In December, former Olympic snowboard Trevor Jacob posted a video titled "I Crashed My Airplane." In it, he claims he was planning to spread the ashes of his friend and fellow extreme sport aficionado Johnny Strange over a Sierra Nevada mountain.
But partway into his flight, the plane's engine goes out. Jacob abandons it over the Los Padres National Forest in California, where it crashes, and he parachutes to safety, all while recording and documenting the experience via footage that would later end up in his YouTube video.
The Federal Aviation Administration (FAA) was not impressed.
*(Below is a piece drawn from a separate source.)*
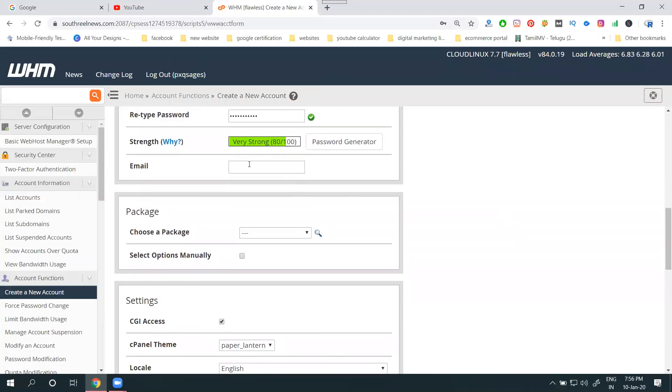Next, you can add an email address for recovery purpose. If you forget any cPanel login, this is for recovery purpose. Add your email address.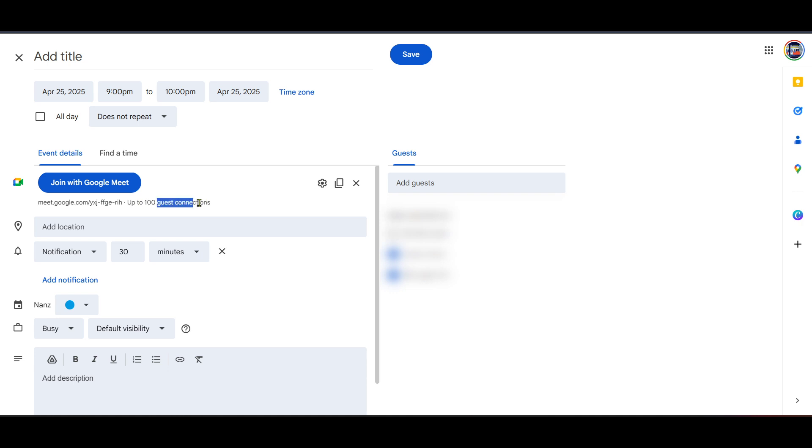Now, all you need to do is save your event. If you opted to make it a recurring one, ensure that your settings reflect your desired frequency, whether it's daily, weekly, or monthly. Once saved, each event reminder will include the Google Meet link, making it incredibly convenient for your attendees to join your meetings.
As The New York Times first reported, the agency sent a letter to Jacob earlier this month, which says his flight was "careless or reckless so as to endanger the life or property of another."
The FAA's acting administrator "finds that you lack the qualifications necessary to hold your private pilot certificate and any other airman certificates issued to you," according to the letter, a copy of which the FAA shared with PCMag. The agency revoked that certificate, issued to Jacob in 2018, and ordered him to surrender it immediately or face fines up to $1,644 per day. He has the option to appeal the decision, though.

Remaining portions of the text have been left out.